Theo ne dit rien. Elle posa la même questions aux deux autres lycéens, qui n'ouvrirent pas plus la bouche.

- Et toi, Adélie ? Des noms à me donner ?

- Je ne comprends pas de quoi vous parlez, murmurai-je.

Tamara rigola légèrement :

- Bien sûr, oui. Ta sœur aussi jouait à ce petit jeu. Allez, fini la méthode douce.

Tamara retourna à son bureau, et alluma la machine qu'elle avait apportée.

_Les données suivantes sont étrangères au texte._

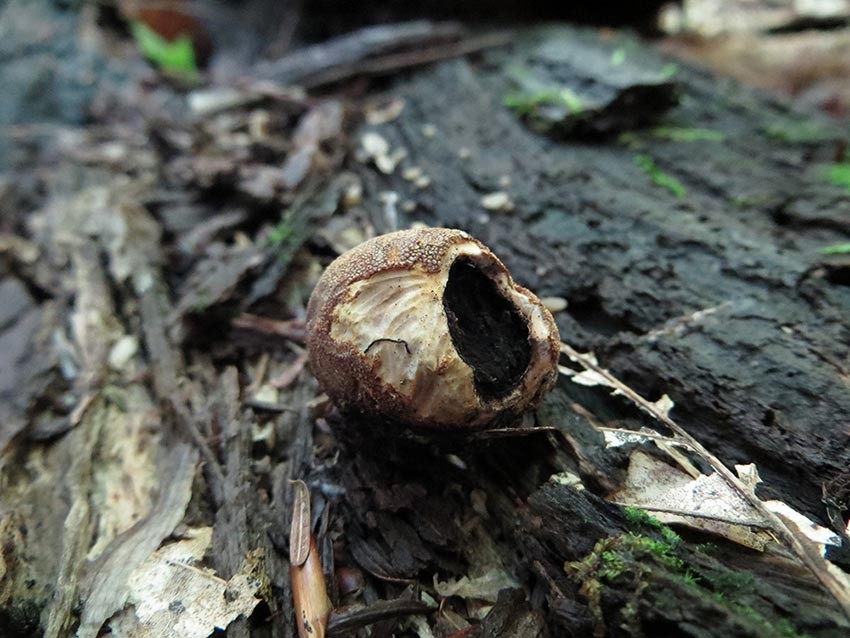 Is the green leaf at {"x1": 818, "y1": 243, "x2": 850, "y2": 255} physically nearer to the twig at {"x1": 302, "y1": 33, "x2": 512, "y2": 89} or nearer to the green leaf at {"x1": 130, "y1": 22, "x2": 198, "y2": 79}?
the twig at {"x1": 302, "y1": 33, "x2": 512, "y2": 89}

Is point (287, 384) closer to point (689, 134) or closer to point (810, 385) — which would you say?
point (810, 385)

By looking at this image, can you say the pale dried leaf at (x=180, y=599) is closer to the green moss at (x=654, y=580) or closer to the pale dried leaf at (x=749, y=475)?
the green moss at (x=654, y=580)

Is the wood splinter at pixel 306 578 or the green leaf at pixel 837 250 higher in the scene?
the green leaf at pixel 837 250

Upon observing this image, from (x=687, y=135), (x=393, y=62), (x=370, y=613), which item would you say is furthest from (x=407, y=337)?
(x=393, y=62)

Un voyant vert s'éclaira. Elle posa ensuite sa main sur un gros bouton, qu'elle tourna légèrement vers la droite. Et tout à coup, une décharge électrique parcourut mon corps. Je la sentis dans chacun de mes membres, je pouvais comme la visualiser sur chaque centimètre de ma peau. Le choc n'était pas bien fort, mais juste désagréable. Ça ne me fit pas plus mal que ça.

Voyant que personne n'hurlait de douleur, Tamara murmura :

- Bien, c'était un test. Tout humain aurait au minimum crié, mais vous n'avez eu aucune réaction. On peut augmenter les volts alors.

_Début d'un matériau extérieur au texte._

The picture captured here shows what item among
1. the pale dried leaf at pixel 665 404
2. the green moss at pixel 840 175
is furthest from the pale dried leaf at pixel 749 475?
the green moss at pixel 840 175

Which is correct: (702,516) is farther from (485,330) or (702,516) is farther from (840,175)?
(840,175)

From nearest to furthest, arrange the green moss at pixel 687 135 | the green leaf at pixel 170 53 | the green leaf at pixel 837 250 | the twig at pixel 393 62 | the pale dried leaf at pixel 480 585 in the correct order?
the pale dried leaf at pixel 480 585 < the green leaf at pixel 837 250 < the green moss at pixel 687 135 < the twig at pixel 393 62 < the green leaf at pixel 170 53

Elle tourna donc encore le bouton, et cette fois-ci, la décharge fut bien différente, bien plus puissante. J'eu le sentiment que mon corps brûlait de l'intérieur. Cette fois-ci, je ne pus laisser échapper un cri.

Cependant, des rugissement se firent entendre. Je tournai la tête à gauche : c'était Theo et les deux lycéens. Ils avaient la bouche grande ouverte, avec des dents longues et pointues, comme une gueule de chien. Je ne parvins qu'à voir les yeux de Theo : ils étaient bleus, mais d'un bleu fluorescent. J'aurais pu être prise d'effroi, mais j'avais trop mal pour pouvoir penser à autre chose.

- On est des loups-garous, me murmura difficilement Theo.

Je me contentait d'hocher la tête. Mais qu'est-ce que je faisais là ?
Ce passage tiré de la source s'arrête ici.